With the groundwork in place, Tang used NAMD2 and the CRAY T3E for a simulation that included 10 halothane molecules inside the DMPC membrane, which itself included a protein molecule, gramicidin, as an ion channel through the lipid bilayer. This very large-scale computation included 38,724 atoms and tracked the molecular movements for two nanoseconds (a billionth of a second) with a freeze-frame picture of the system every femtosecond (a millionth of a billionth of a second).
After about 240 hours of processing time (on 128 processors), the results show, contrary to accepted understanding, that halothane in the center of the lipid moves away from this hydrophobic environment toward the water. "People have believed that all anesthetics prefer hydrophobic environments," says Tang. "Even those who support the protein theory thought that anesthetics interacted with hydrophobic cavities in the channel. We found, however, that the halothane always moves away from the center toward the interface between the lipids and water."

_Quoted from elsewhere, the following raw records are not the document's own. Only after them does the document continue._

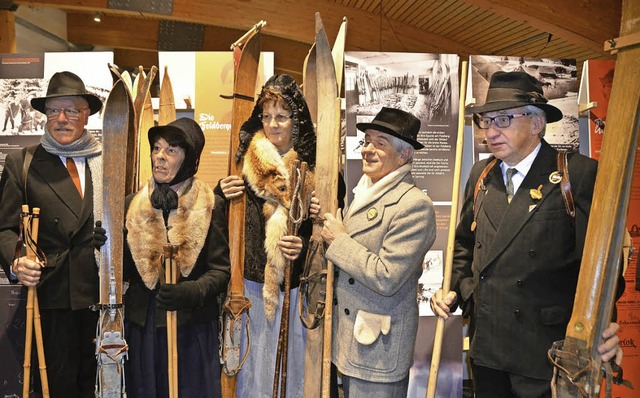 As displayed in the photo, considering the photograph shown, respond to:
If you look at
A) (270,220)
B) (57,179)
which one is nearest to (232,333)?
(270,220)

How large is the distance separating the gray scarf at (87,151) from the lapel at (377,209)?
136 cm

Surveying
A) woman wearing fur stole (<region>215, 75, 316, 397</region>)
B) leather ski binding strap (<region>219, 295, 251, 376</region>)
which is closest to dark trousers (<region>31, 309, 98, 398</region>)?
leather ski binding strap (<region>219, 295, 251, 376</region>)

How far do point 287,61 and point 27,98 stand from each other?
5.28 meters

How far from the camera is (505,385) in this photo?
221cm

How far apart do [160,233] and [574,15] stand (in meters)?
4.52

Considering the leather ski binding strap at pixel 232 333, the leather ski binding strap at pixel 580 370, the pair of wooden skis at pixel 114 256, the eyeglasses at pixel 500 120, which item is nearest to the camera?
the leather ski binding strap at pixel 580 370

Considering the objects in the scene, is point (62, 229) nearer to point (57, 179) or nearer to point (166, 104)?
point (57, 179)

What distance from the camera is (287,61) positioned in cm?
862

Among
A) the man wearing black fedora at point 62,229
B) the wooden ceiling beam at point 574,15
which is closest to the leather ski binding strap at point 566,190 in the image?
the man wearing black fedora at point 62,229

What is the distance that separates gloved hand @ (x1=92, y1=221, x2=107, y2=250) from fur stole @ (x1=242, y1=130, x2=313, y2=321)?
30.2 inches

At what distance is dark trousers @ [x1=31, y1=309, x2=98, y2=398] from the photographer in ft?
8.80

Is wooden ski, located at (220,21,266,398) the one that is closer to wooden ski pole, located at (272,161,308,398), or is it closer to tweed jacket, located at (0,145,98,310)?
wooden ski pole, located at (272,161,308,398)

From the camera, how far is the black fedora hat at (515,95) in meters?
2.15

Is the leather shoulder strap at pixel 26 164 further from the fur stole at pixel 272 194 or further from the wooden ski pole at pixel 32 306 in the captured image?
the fur stole at pixel 272 194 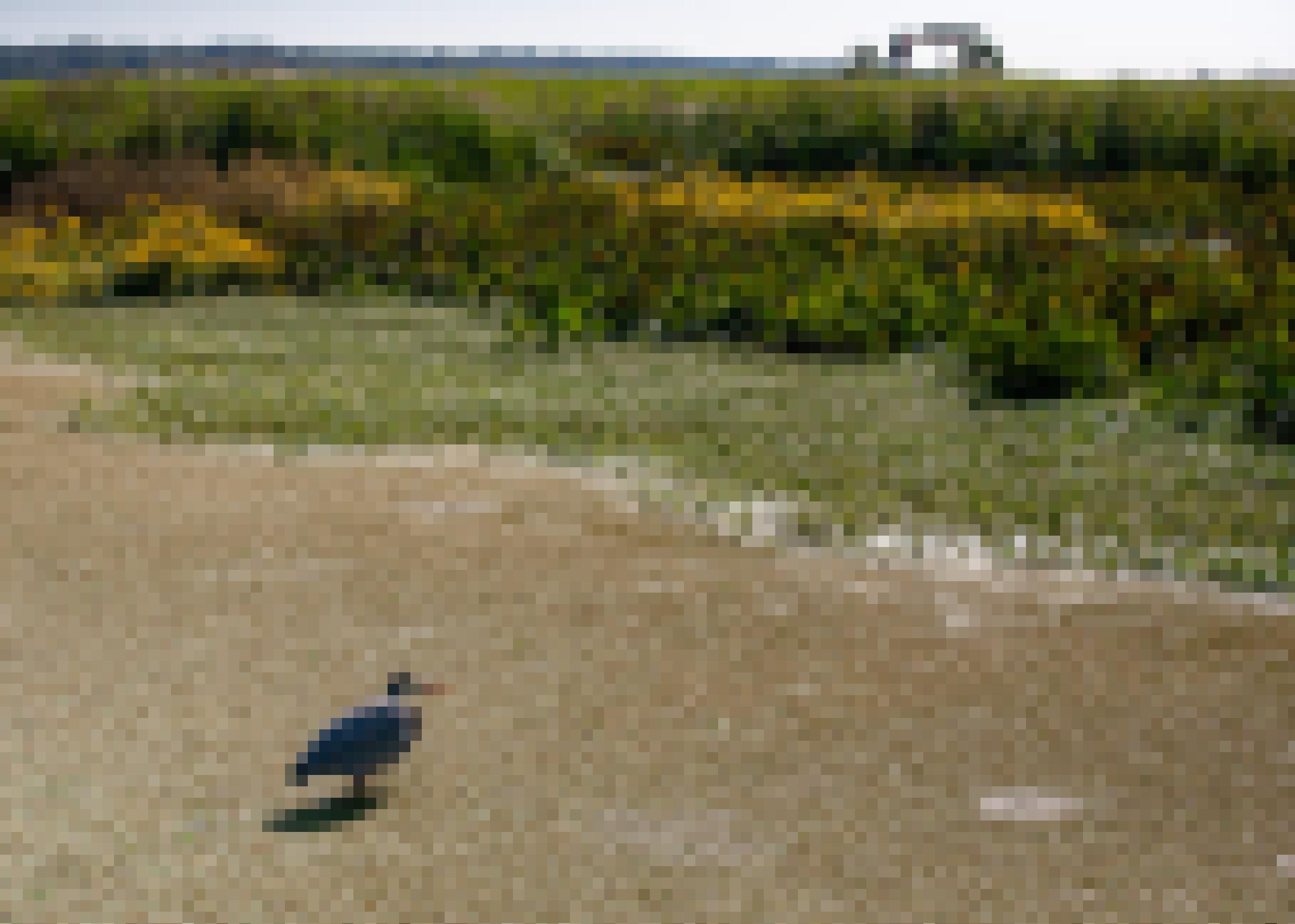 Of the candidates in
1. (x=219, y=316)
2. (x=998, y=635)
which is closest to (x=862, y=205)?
(x=219, y=316)

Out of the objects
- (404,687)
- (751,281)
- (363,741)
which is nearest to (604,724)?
(404,687)

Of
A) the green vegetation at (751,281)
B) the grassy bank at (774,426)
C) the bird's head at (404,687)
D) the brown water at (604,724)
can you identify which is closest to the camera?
Result: the brown water at (604,724)

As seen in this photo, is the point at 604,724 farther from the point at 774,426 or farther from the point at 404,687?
the point at 774,426

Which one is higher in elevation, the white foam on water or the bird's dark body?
the bird's dark body

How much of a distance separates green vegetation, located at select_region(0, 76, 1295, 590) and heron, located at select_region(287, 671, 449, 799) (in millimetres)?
3024

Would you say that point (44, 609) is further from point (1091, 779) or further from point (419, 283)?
point (419, 283)

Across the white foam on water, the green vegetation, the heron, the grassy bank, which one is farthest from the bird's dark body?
the green vegetation

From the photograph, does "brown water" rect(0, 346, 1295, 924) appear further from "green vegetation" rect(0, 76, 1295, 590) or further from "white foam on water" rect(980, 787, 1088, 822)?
"green vegetation" rect(0, 76, 1295, 590)

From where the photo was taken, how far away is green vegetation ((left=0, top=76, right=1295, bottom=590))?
7.77m

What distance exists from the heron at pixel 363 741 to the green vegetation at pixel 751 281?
9.92 feet

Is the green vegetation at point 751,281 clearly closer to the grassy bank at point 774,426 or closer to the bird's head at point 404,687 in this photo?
the grassy bank at point 774,426

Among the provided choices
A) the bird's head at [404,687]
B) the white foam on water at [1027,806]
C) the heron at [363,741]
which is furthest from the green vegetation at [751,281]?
the heron at [363,741]

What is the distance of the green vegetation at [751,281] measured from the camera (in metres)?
7.77

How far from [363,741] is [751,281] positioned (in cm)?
930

This result supports an emerging hypothesis that bridges between the two competing theories and suggests that general anesthetics act at the channel-water interface. The simulation lends further support to this view by showing that halothane interacts strongly with one of the protein's amino-acid side-chain (tryptophan), which resides close to the channel. This finding appears to coincide with recent UPSM laboratory work.
To further test the interface hypothesis, Tang looks forward to PSC's Terascale Computing System. She'd like to simulate other anesthetics and extend simulation time into the millisecond range. She also plans to simulate compounds structurally very similar to anesthetics but that produce no anesthetic effect. These studies, she expects, will help pinpoint the molecular events that lead to general anesthesia. "With these simulations," says Tang, "I believe we'll be able to draw some conclusions that will lead us closer to solving this mystery."